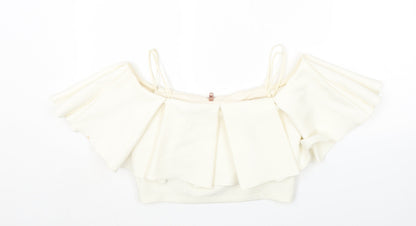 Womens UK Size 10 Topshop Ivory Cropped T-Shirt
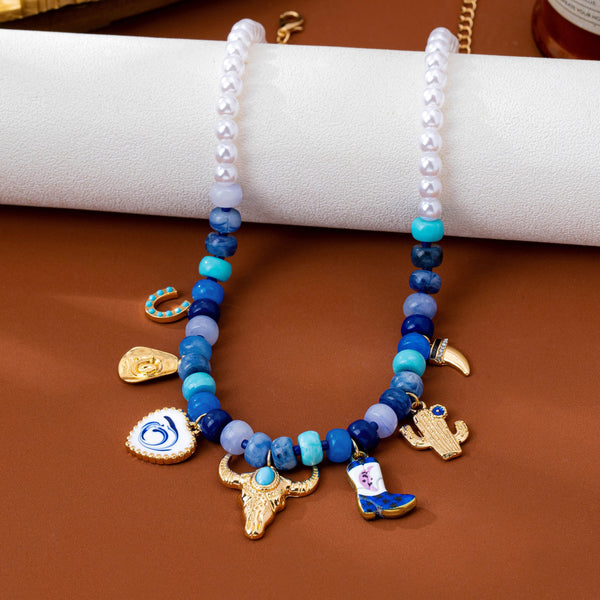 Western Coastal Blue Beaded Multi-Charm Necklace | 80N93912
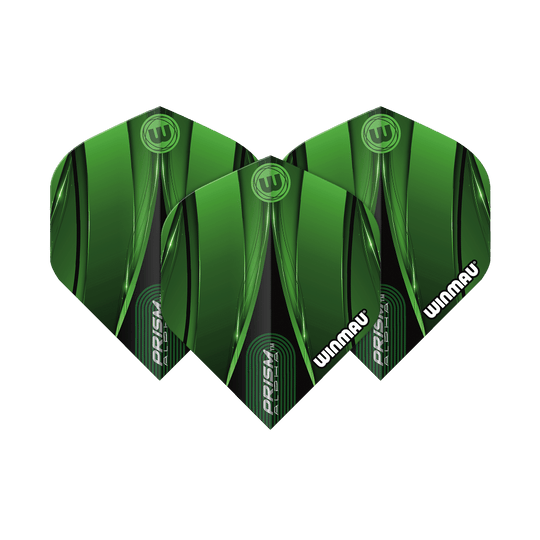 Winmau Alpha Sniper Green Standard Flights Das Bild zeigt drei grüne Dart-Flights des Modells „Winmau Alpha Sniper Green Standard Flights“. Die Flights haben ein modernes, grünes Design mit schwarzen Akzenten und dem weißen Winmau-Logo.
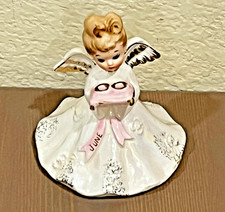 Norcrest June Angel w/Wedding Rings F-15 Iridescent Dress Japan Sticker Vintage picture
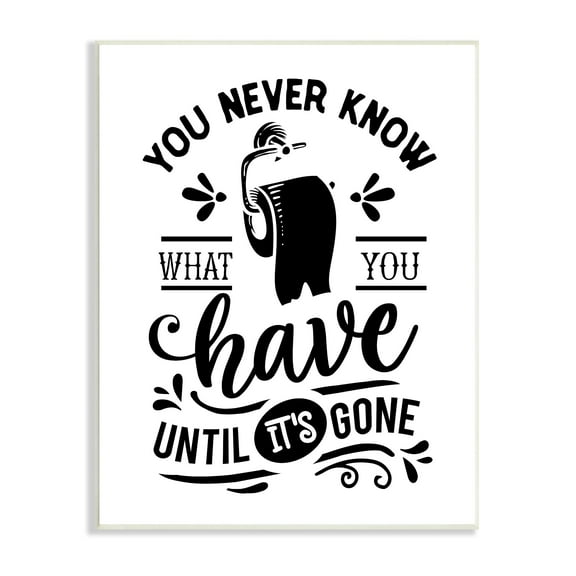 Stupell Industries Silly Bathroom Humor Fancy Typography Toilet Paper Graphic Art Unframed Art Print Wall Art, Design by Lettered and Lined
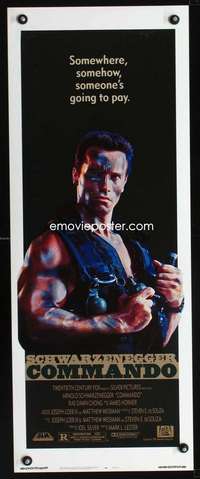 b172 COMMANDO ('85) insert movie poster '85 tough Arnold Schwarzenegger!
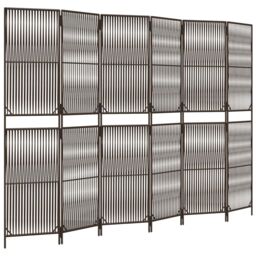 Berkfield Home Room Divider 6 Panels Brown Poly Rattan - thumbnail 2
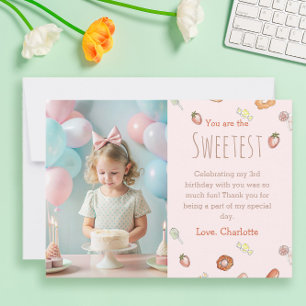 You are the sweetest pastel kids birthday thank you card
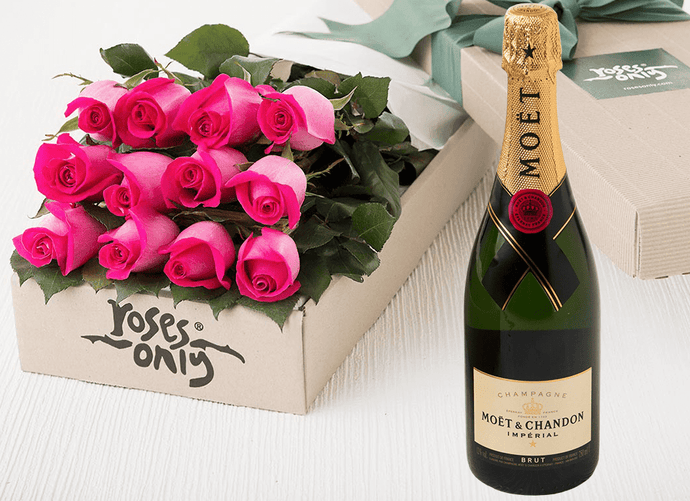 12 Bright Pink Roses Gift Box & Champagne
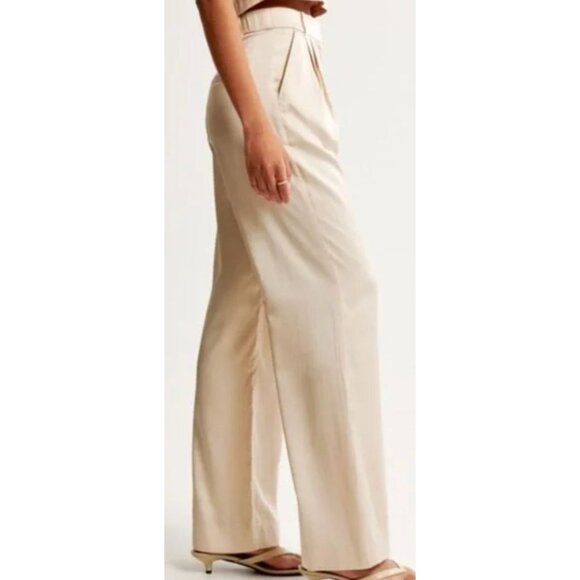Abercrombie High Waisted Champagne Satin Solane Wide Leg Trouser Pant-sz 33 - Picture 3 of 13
# # #
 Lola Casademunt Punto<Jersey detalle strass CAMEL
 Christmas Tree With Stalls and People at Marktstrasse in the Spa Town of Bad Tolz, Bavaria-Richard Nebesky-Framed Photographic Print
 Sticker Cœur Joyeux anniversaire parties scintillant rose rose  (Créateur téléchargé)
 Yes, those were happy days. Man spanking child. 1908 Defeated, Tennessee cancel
# # #
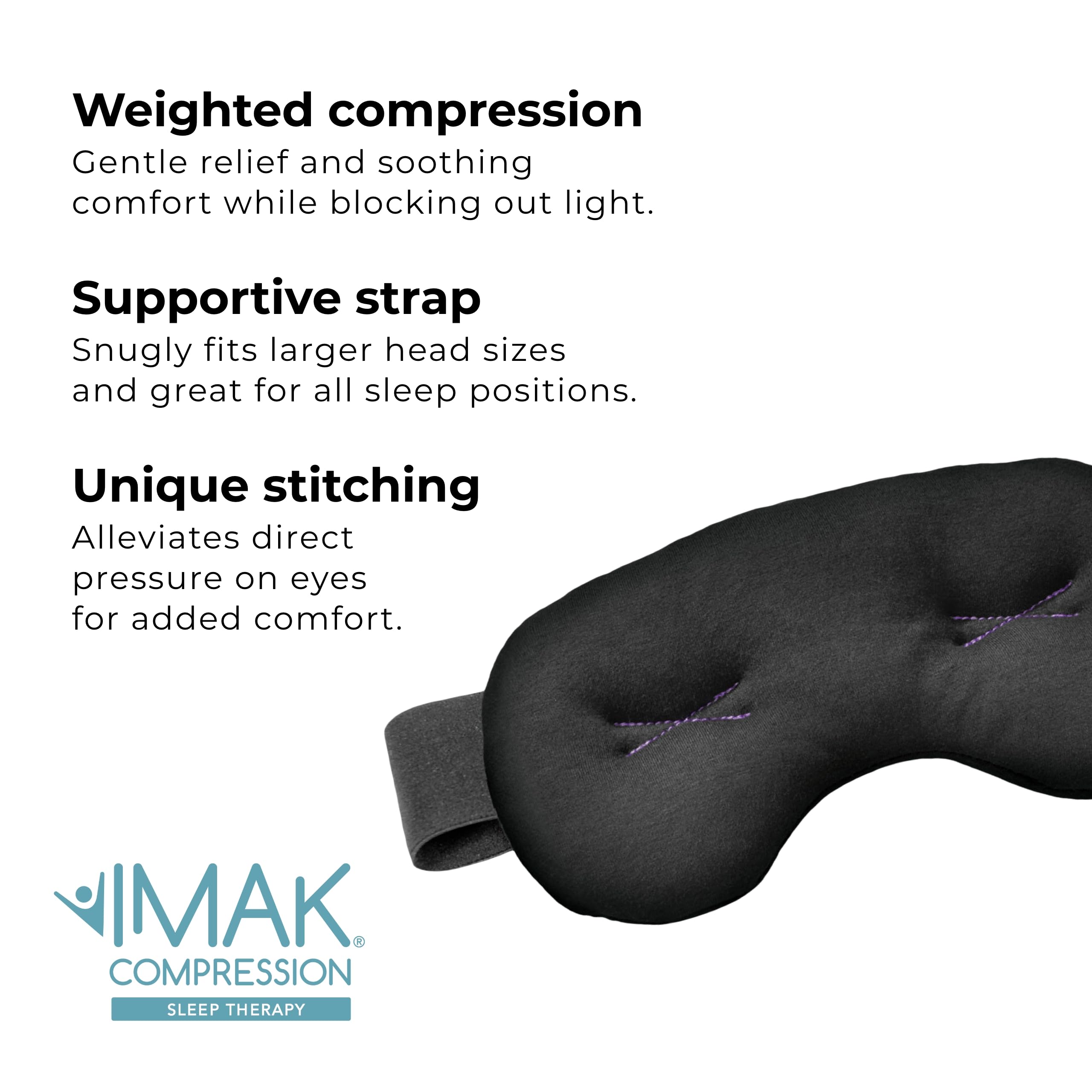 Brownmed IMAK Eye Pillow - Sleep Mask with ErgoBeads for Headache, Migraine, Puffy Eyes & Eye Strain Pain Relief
# # #
Work order: Would you transcribe the lines above exactly, going from the line bearing "Womens UK Size" through the line bearing "Abercrombie High Waisted", and drop the pictures from the copy?

Solution to this exercise:
 Womens UK Size 10 Topshop Ivory Cropped T-Shirt
 Western Coastal Blue Beaded Multi-Charm Necklace | 80N93912
 Winmau Alpha Sniper Green Standard Flights Das Bild zeigt drei grüne Dart-Flights des Modells „Winmau Alpha Sniper Green Standard Flights“. Die Flights haben ein modernes, grünes Design mit schwarzen Akzenten und dem weißen Winmau-Logo.
 Norcrest June Angel w/Wedding Rings F-15 Iridescent Dress Japan Sticker Vintage picture
 Stupell Industries Silly Bathroom Humor Fancy Typography Toilet Paper Graphic Art Unframed Art Print Wall Art, Design by Lettered and Lined
 b172 COMMANDO ('85) insert movie poster '85 tough Arnold Schwarzenegger!
 Berkfield Home Room Divider 6 Panels Brown Poly Rattan - thumbnail 2
 You are the sweetest pastel kids birthday thank you card
 12 Bright Pink Roses Gift Box & Champagne
Abercrombie High Waisted Champagne Satin Solane Wide Leg Trouser Pant-sz 33 - Picture 3 of 13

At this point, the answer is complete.